CSCI 5333 Data Base Management
System
Spring 2002 (1/14-5/6)
Chapter 15: Further Dependencies & Higher Normal Forms
15.1.1 Relation Decomposition and Insufficiency
of Normal Forms
- Looking at an individual relation to test whether
it is in a higher normal form does not, on its own, guarantee a good
design; rather, a set of relations that together form the relational
database schema must possess certain additional properties to ensure a
good design.
- The dependency preservation property
and the lossless (or nonadditive) join
property .
- A single universal relation schema
R = {A1, A2, ..., An} that includes all the attributes of the database
.
- A decomposition of R: D = {R1, R2,
R3, ..., Rm}.
- The attribute preservation condition
of a decomposition: Each attribute in R will appear in at
least one relation schema in the decomposition so that no attributes
are "lost".
- NOTE: Having each individual relation
R i in
the decomposition D to be in BCNF (or 3NF) may not be sufficient
to guarantee a good database design on its own.
- Problem: Spurious tuples out of a
natural join.

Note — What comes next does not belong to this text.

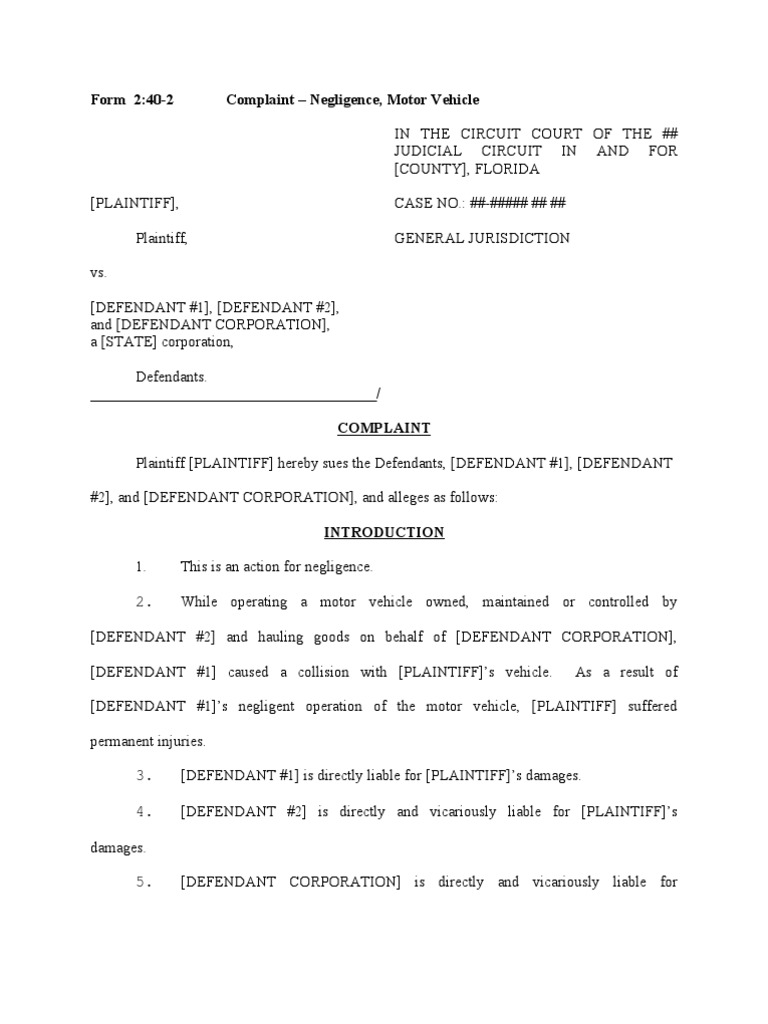 Complaint Negligence, Motor Vehicle Duty Of Care Negligence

Example: See Fig. 14.6.
15.1.2 Decomposition and Dependency Preservation
- The dependency preservation
condition (informal definition): Each
functional dependency f specified in F either appears
directly in one of the relation schemas R
i in the decomposition D
or could be inferred from the dependencies that appear in some
R i.
- Exercise: Examine
Fig. 14.12(a) and produce the projection of F on Lots1Ax. Repeat the
same process on Lots1Ay.
- An example of a decomposition
that does not preserve dependencies: Figure 14.12(a).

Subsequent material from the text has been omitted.